The Oscar wins concluded an unlikely journey for the modestly budgeted film, which came out in March 2022, months earlier than typical awards-season fare. It grossed more than $100 million in North America, making it the first film from the A24 studio to do so.
“Everything Everywhere All at Once” previously won the top prizes at the Screen Actors Guild Awards, Critics’ Choice Movie Awards, Directors Guild of America Awards and Producers Guild of America Awards. Yeoh, Quan and Curtis also won numerous acting honors, with each receiving SAG trophies.
The movie entered Sunday’s Oscars with 11 nominations to lead all films and emerged victorious in a best picture race that also included Steven Spielberg’s semi-autobiographical “The Fabelmans” and the big-budget blockbusters “Top Gun: Maverick” and “Avatar: The Way of Water.”
Brendan Fraser won best actor for his performance as a severely obese man in “The Whale.” Austin Butler was also nominated in the category for the musical biopic “Elvis.”
Sunday’s show began with host Jimmy Kimmel taking several jabs at Will Smith — a year after the actor’s shocking slap of Chris Rock at the 2022 Academy Awards.
“We want you to have fun, we want you to feel safe, and most importantly, we want me to feel safe,” Kimmel deadpanned during his opening monologue. “So, we have strict policies in place. If anyone in this theater commits an act of violence at any point during the show, you will be awarded the Oscar for best actor and permitted to give a 19-minute-long speech.”
Smith slapped the presenter Rock onstage over a joke about the shaved head of his wife, Jada Pinkett Smith. Pinkett Smith suffers from the hair-loss condition alopecia. Smith, who won best actor for “King Richard” shortly after the incident, has since been banned from the Academy Awards for a decade.
“The Academy has a crisis team in place,” Kimmel said Sunday. “If anything unpredictable or violent happens during the ceremony, just do what you did last year: Nothing. Sit there and do absolutely nothing. Maybe even give the assailant a hug.”
Sunday marked the third Oscars hosting gig for Kimmel and first since 2018. He famously emceed the 2017 ceremony where Faye Dunaway and Warren Beatty erroneously named “La La Land” best picture instead of the actual winner, “Moonlight.”
This year’s best director race generated controversy after no women were nominated.
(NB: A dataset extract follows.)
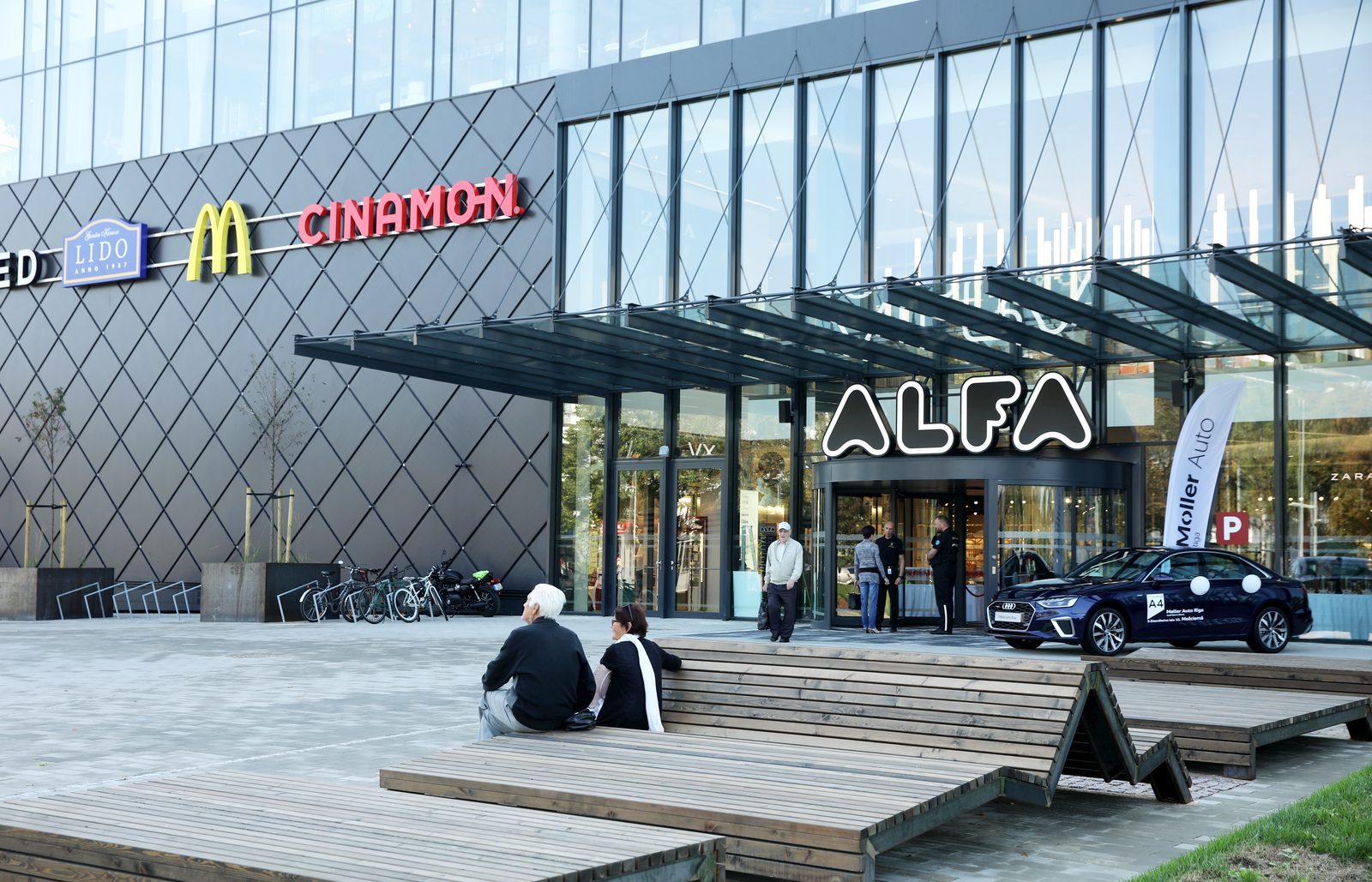 Tirdzniecības centrs "Alfa" piektdien pagarināja darba laiku līdz pusnaktij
Kwan and Scheinert, known collectively as The Daniels, were joined in the category by Spielberg, Martin McDonagh for “The Banshees of Inisherin,” Todd Field for “Tár” and Ruben Östlund for “Triangle of Sadness.”
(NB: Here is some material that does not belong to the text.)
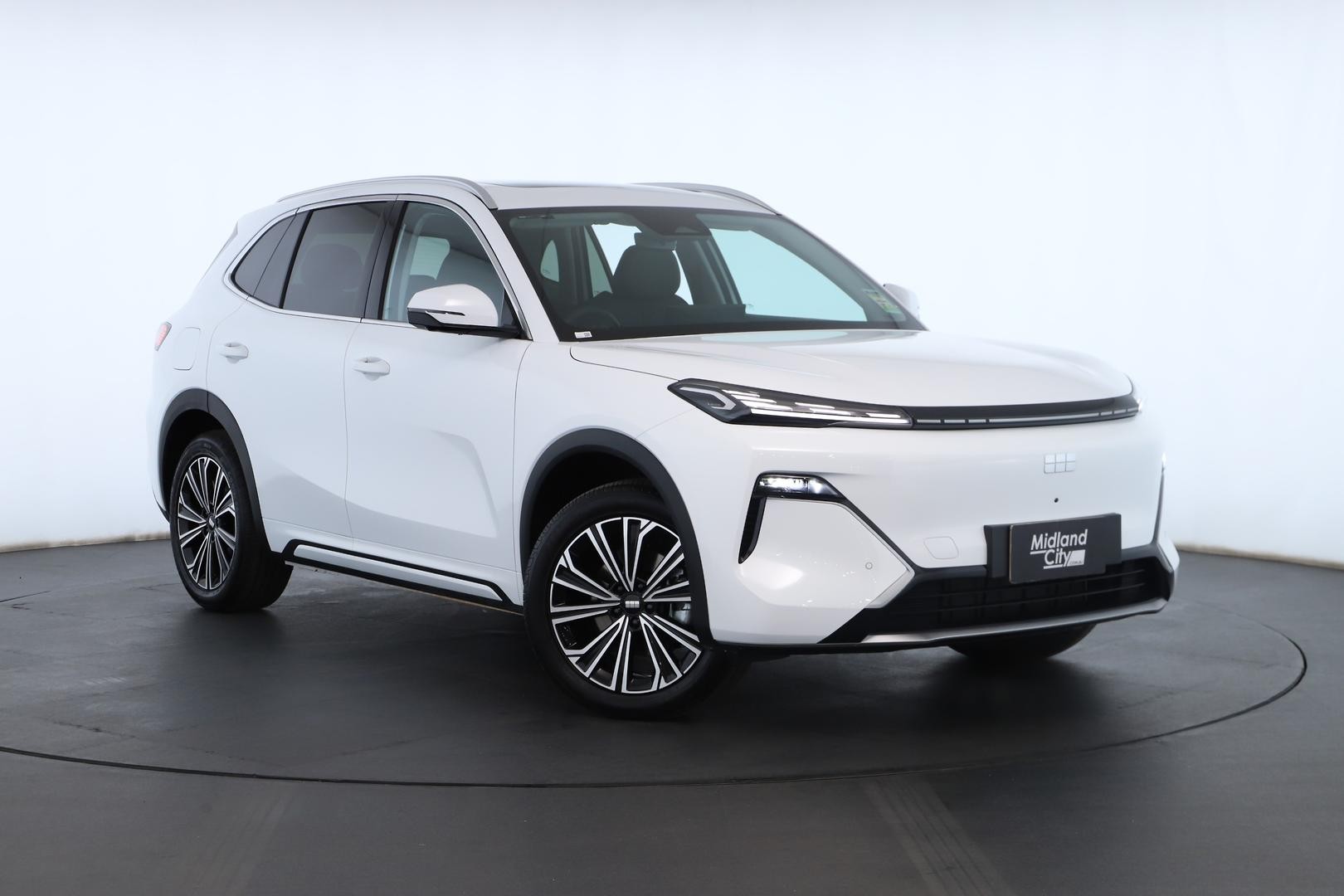Geely Starray Em-i image 1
The all-male field followed best director wins for Chloé Zhao for “Nomadland” in 2021 and Jane Campion for “The Power of the Dog” last year. Kimmel referenced the scandal as he spoke about speculation that “Avatar” filmmaker James Cameron skipped the show because he wasn’t nominated for best director.
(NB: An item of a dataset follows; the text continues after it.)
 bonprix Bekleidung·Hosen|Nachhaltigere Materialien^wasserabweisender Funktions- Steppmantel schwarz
“How does the Academy not nominate the guy who directed ‘Avatar’? What do they think he is, a woman?” Kimmel joked during his monologue.
The ceremony featured performances by Rihanna, who revealed her second pregnancy during her Super Bowl halftime show last month, and Lady Gaga, who was a last-minute addition to Sunday’s lineup.
Rihanna sang her aspirational anthem “Lift Me Up” from Marvel’s “Black Panther: Wakanda Forever” and Gaga performed her emotional hit “Hold My Hand” from “Top Gun: Maverick.” Both were nominated for best original song but lost to M. M. Keeravani and Chandrabose’s “Naatu Naatu” from “RRR.”
Guillermo del Toro won his third career Oscar, taking home best animated feature for his adaptation of “Pinocchio.” The Mexican filmmaker previously won best picture and best director in 2018 for “The Shape of Water.”